• Action item: Drop every picture, then print the rest of the listing exactly as given.

• Data:
|---|
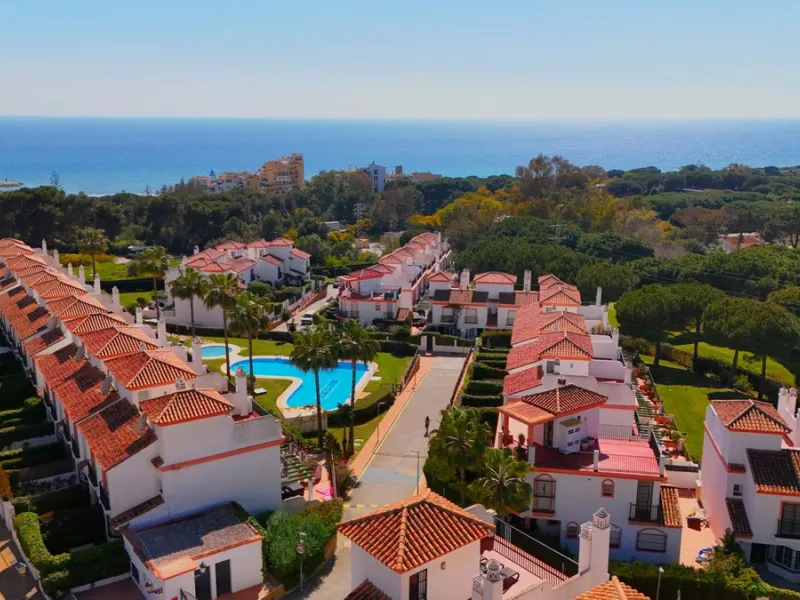 A rare opportunity to invest in a fully-furnished, 3-bedroom townhouse with a fully-transferable holiday rental license, allowing you to enjoy the property personally as well as generating immediate income through short-term rentals, if desired.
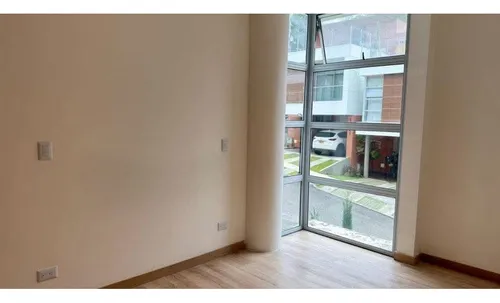 Casa Unifamiliar En Venta En Envigado Loma La Esmeralda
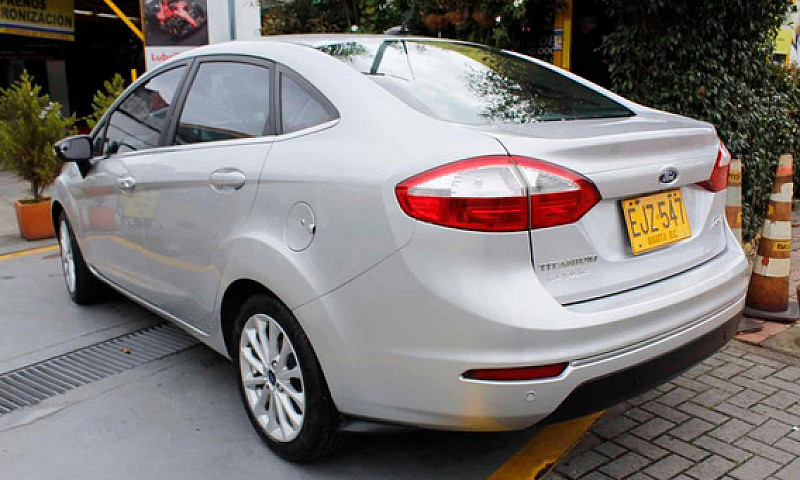 Ford Fiesta 1.6 Tita...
|---|
• Exercise answer:
 A rare opportunity to invest in a fully-furnished, 3-bedroom townhouse with a fully-transferable holiday rental license, allowing you to enjoy the property personally as well as generating immediate income through short-term rentals, if desired.
 Casa Unifamiliar En Venta En Envigado Loma La Esmeralda
 Ford Fiesta 1.6 Tita...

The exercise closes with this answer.